For more than two centuries, the Maltese Islands were under Arab
rule (870-1090). In 1090, Count Roger the Norman with a small force,
landed in Malta. The Arabs did not offer any resistance and after
negotiations with Count Roger it was agreed that they were to
continue to govern the islands, but they had to pay an annual
tribute to Roger the Norman. The Maltese Islands were formally
incorporated with the Sicilian Crown about the year 1123 when Sicily
was governed by Roger II (1105-1154), the Son of Roger the Norman.

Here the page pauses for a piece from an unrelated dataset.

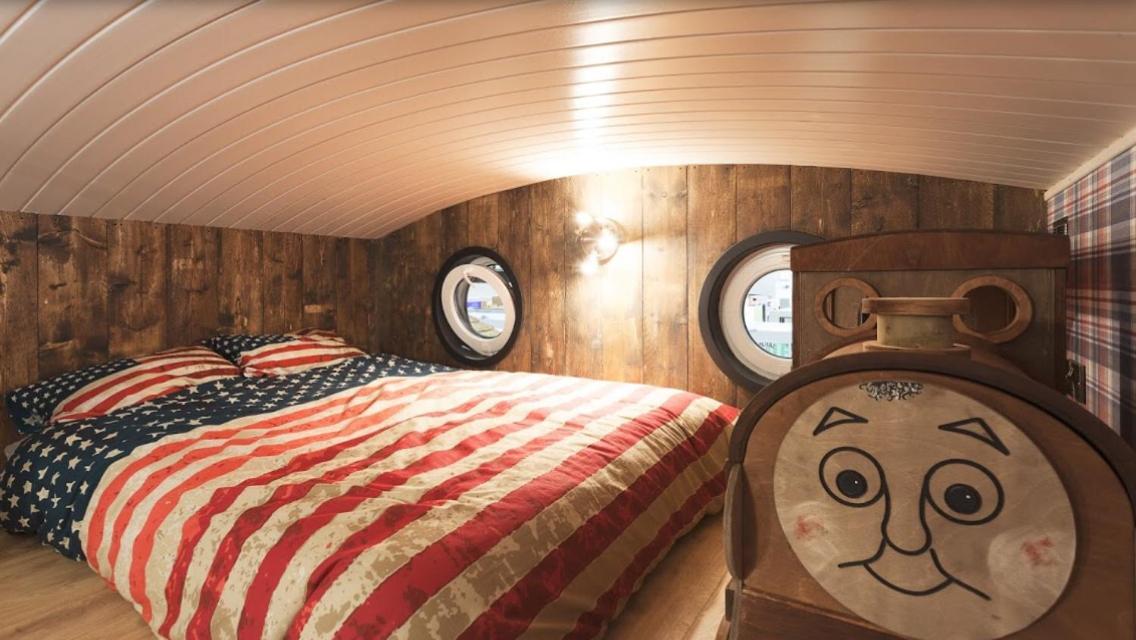 Gorestown Glamping Chalets Drummond Extérieur photo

After the death of King William II of Sicily (1154-1164) his aunt
Constance who was married to the Emperor Henry VI of Germany
inherited the Sicilian Crown. Constance's title to the throne was
contested by Tancred of Lecce who was elected King of Sicily by the
Sicilian Parliament. Eventually, however, Sicily and Malta fell
under the German rule. Henry's descendents ruled Malta and Sicily
till 1266 when they were defeated by the French Prince, Charles of
Anjou, at the Battle of Benevetto (1266) and Tagliacozzo (1268).
Angevin rule did not last long. In March 1282 the Sicilians rose
against the French and by September the French had left the Island -
King Peter of Aragon now became King of Sicily, and by December 1282
the great m,ajority of the maltese had adhered to the new ruler of
Sicily. In April 1283, at the request of the Maltese, the new
sovereign of Sicily incorporated Malta with the Sicilian crown.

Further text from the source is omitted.